◆ **TASK DESCRIPTION**
Take the lines from the one containing "Jupiter's Large Moon" through the final line below and restate them exactly. Omit the pictures.

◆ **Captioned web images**
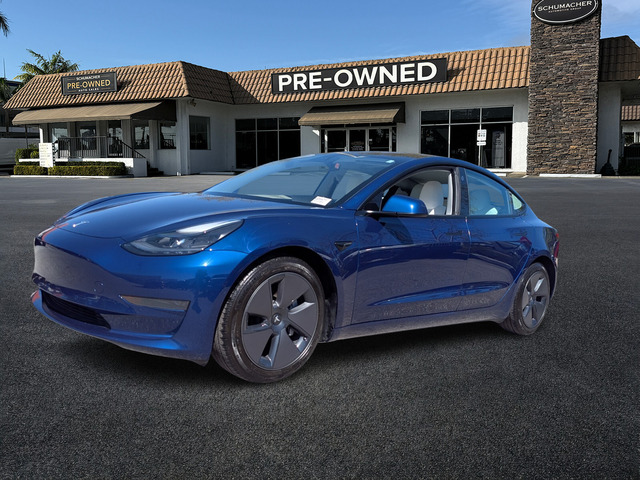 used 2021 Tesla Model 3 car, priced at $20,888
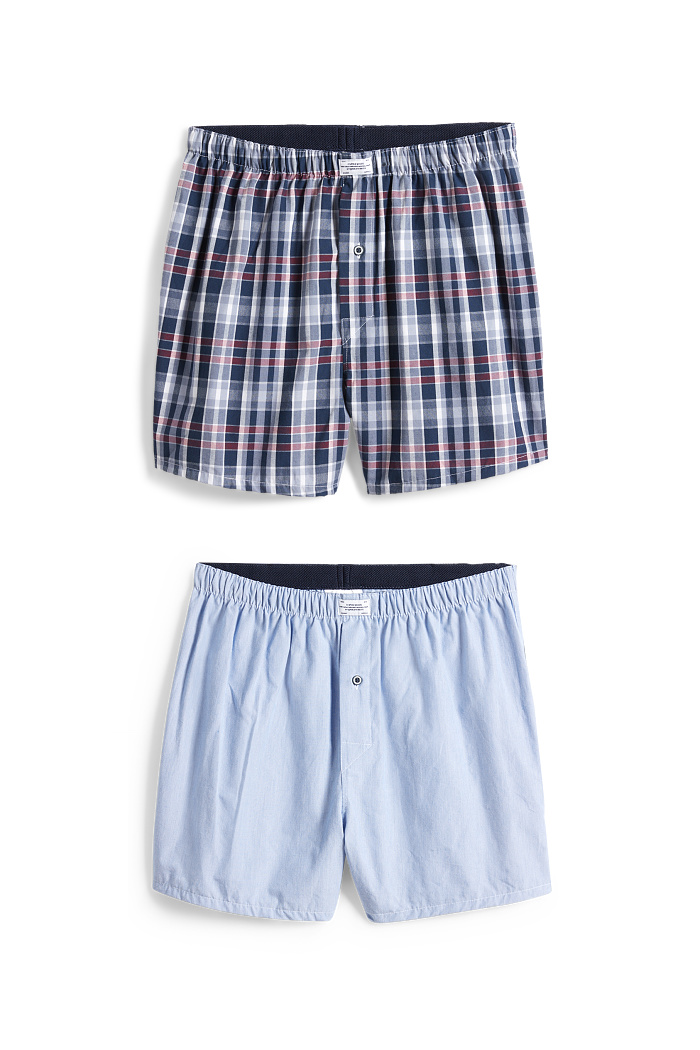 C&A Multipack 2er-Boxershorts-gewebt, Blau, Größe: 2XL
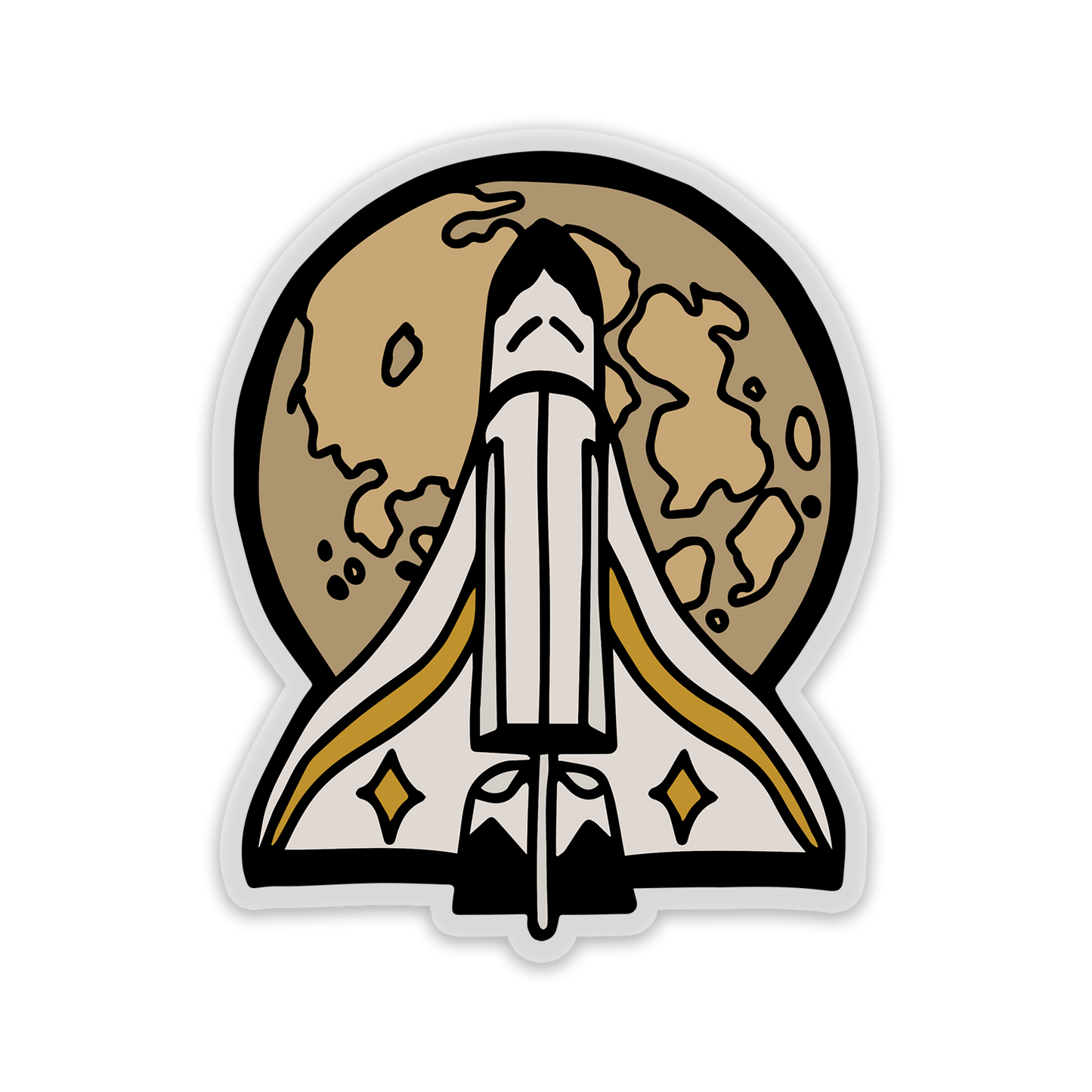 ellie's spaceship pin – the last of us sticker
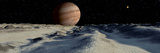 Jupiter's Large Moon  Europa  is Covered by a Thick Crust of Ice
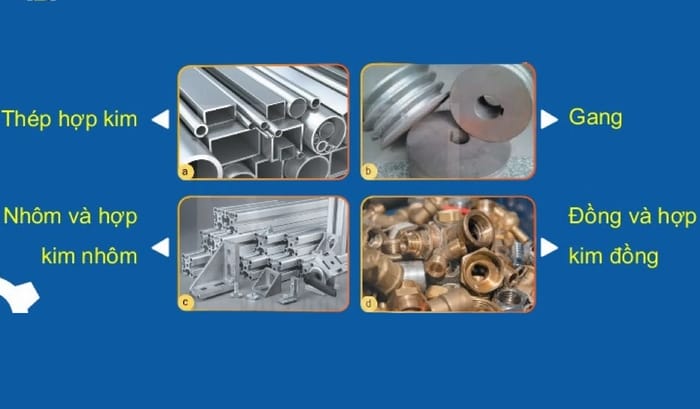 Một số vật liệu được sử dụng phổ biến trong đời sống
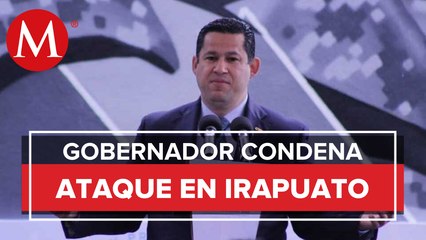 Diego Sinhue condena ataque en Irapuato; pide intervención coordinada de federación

◆ **EXERCISE ANSWER**
 Jupiter's Large Moon  Europa  is Covered by a Thick Crust of Ice
 Một số vật liệu được sử dụng phổ biến trong đời sống
 Diego Sinhue condena ataque en Irapuato; pide intervención coordinada de federación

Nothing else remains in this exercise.